Gewalt gegen Frauen ist auch in Deutschland keine Ausnahme. Jede dritte Frau wird laut Angaben des Bundesfamilienministeriums mindestens einmal in ihrem Leben Opfer von physischer und/oder sexualisierter Gewalt, etwa jede vierte durch ihren (Ex-)Partner. Eine traurige Statistik.
Die politische Haltung des Justizministers Marco Buschmann (FDP) stößt wohl auch deshalb auf Unverständnis: Er unterstützt mit seiner Partei die Blockade Deutschlands einer EU-Richtlinie zum Schutz von Frauen vor Gewalt. Eine Entscheidung, die viele Menschen nicht akzeptieren wollen. Über 100 prominente Frauen wenden sich nun deshalb in einem offenen Brief an die Bundesregierung.

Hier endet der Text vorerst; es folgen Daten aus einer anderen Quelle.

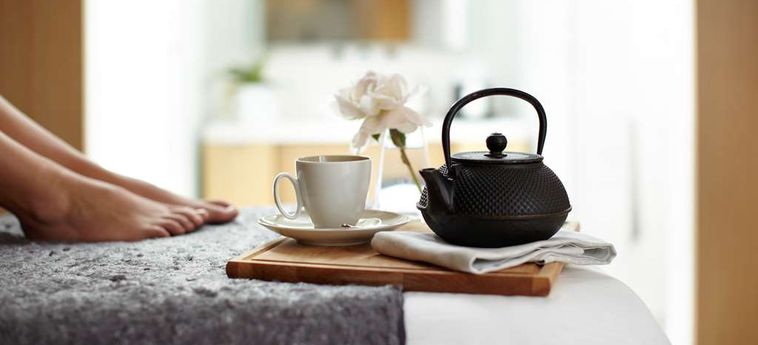 Hotel Park Hyatt:  CHICAGO (IL)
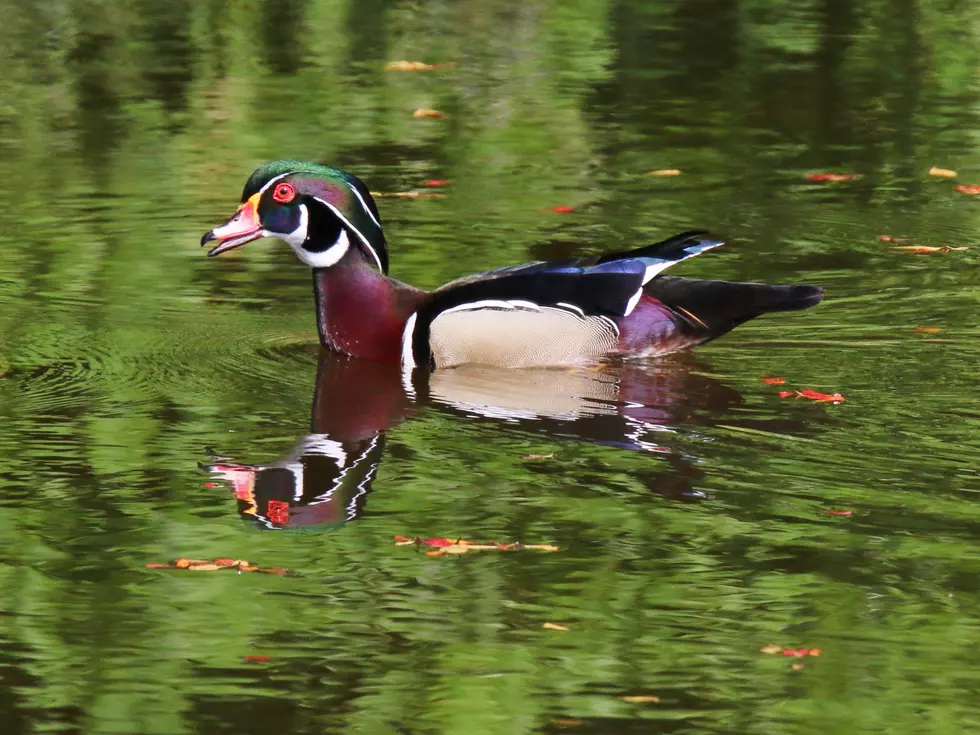 Did You Know These Colorful Tree-Dwelling Ducks Live in Colorado?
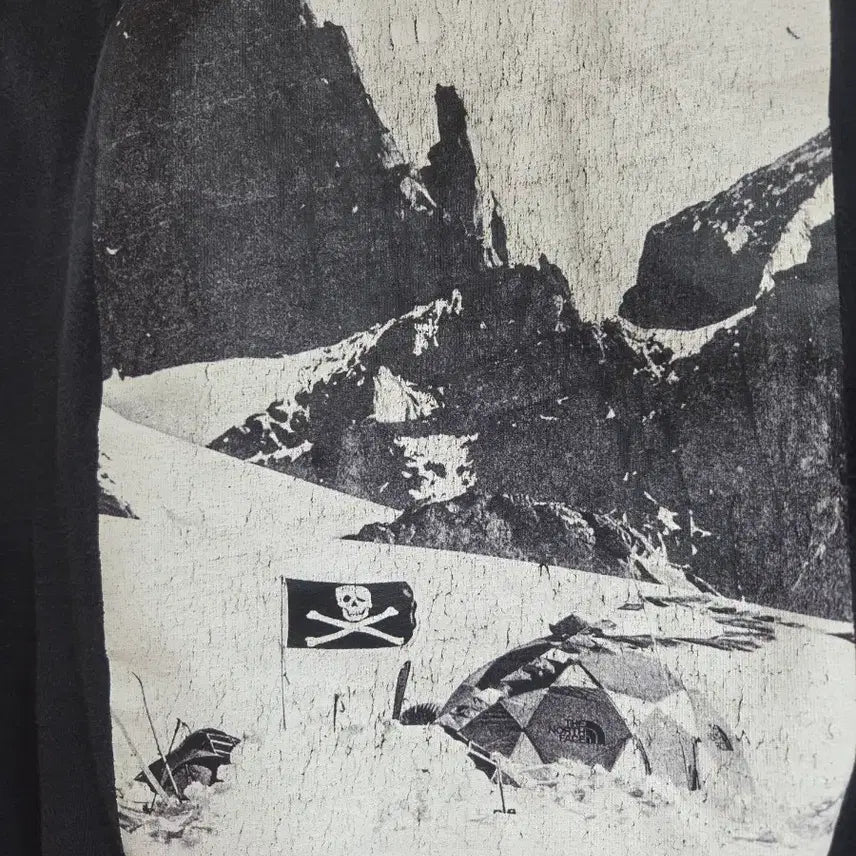 [BUNJANG] The North Face Conrad Flag T-Shirt / 노스페이스 콘래드 플래그 반팔티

Die Frauen werfen Buschmann vor, er trete die Rechte von Frauen mit Füßen. Unterzeichnet haben prominente Namen aus Kultur, Wirtschaft und Politik. Beteiligt haben sich etwa die Klimaaktivistin Luisa Neubauer, die Autorin Düzen Tekkal, die CDU-Politikerin Wiebke Winter oder die ehemalige SPD-Verteidigungsministerin Christine Lambrecht.
Auch Prominente aus der Kulturbranche haben sich den Forderungen des Briefs angeschlossen, darunter Model und Schauspielerin Marie Nasemann oder die Schauspielerinnen Wolke Hegenbarth sowie Jansa Frizi Bauer. Initiiert wurde der Brief von Kristina Lunz, der Gründerin des "Center for Feminist Foreign Policy".
Die Frauen bitten in dem offenen Brief, der dem "Spiegel" vorliegt, Justizminister Buschmann und das Kabinett "dringend" darum, ihre Blockade gegenüber der EU-Richtlinie zur EU-weiten Bekämpfung gegen Vergewaltigung aufzugeben. Denn: "Mit dieser Blockade-Haltung steht der Schutz von Millionen von Frauen vor Gewalt in der EU auf dem Spiel."
Die Verfasserinnen finden klare Worte für die Haltung des Justizministeriums: "Frauenrechte werden hier mit mehr als nur Füßen getreten." Weiter steht in dem Brief:
Zu der Blockade äußert sich auch Luisa Neubauer. Sie macht auf Instagram klar, was sie davon hält: "Es ist komplett absurd: Es gäbe die historische Chance, endlich die Gewalt gegen Frauen europaweit zu bekämpfen und ausgerechnet ein deutscher Justizminister blockiert." Sie fordert den Politiker auf, Haltung zu zeigen und den Weg für die EU-Richtlinie freizumachen.
Doch warum stimmt die FDP der EU-Richtlinie zum Schutz von Frauen gegen Gewalt nicht zu? Der Grund dafür seien, wie so oft, juristische Spitzfindigkeiten. Die Bundesregierung hatte dem Beschluss bisher nicht zugestimmt, weil das deutsche Justizministerium einen ganz konkreten Abschnitt kritisiert. Mit diesem will die EU-Kommission den Tatbestand der Vergewaltigung einheitlich regeln.
Als Vergewaltigung sollte demnach jede "nicht einvernehmliche sexuelle Handlung an einer Frau" gelten. Mit dem Vorschlag würde eine "Ja heißt Ja"-Regel zum europaweiten Standard. Da stellt sich die Frage, warum das problematisch sein sollte.
Das deutsche Justizministerium glaubt, dass der Vorschlag der Kommission in diesem Wortlaut nicht mit dem Europarecht vereinbar wäre. Die EU würde mit dem Vergewaltigungsartikel demnach ihre Regelungskompetenz überschreiten. Die deutsche Blockade lässt nun womöglich die ganze Richtlinie scheitern. Für die Verfasserinnen des Offenen Briefs steht fest: Sollte Deutschland der Richtlinie nicht zustimmen, könne das Land sich nicht länger als Vorreiter für Frauenrechte positionieren.